Provided data:
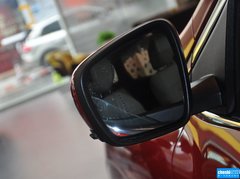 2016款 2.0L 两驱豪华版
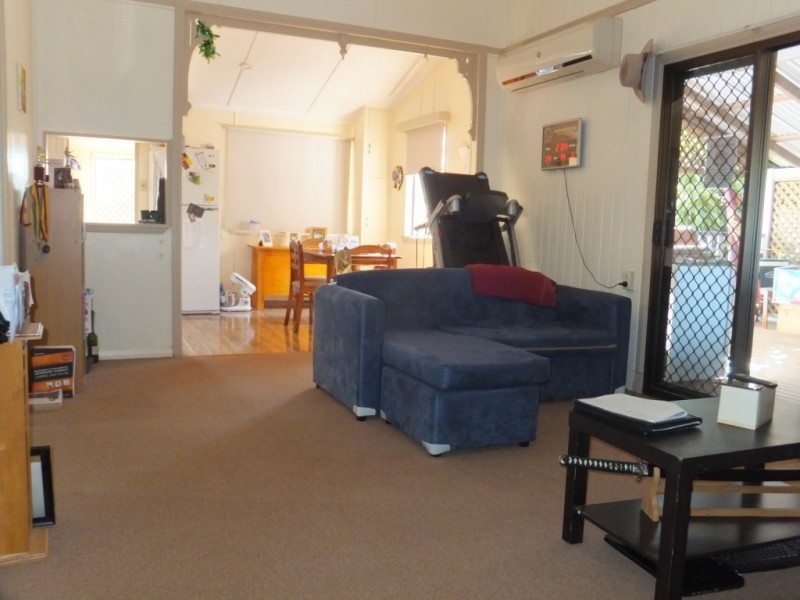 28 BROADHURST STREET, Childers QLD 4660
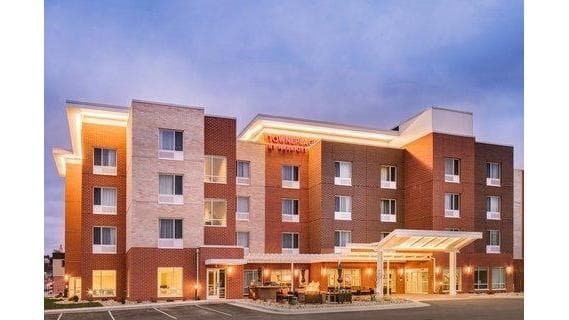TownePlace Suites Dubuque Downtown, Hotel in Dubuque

What needs to be done:
Set out nothing but the lines from the line with "28 BROADHURST STREET, Childers QLD 4660" through the end of the material, reproduced exactly, both ends included, pictures omitted.

Answer box:
 28 BROADHURST STREET, Childers QLD 4660
TownePlace Suites Dubuque Downtown, Hotel in Dubuque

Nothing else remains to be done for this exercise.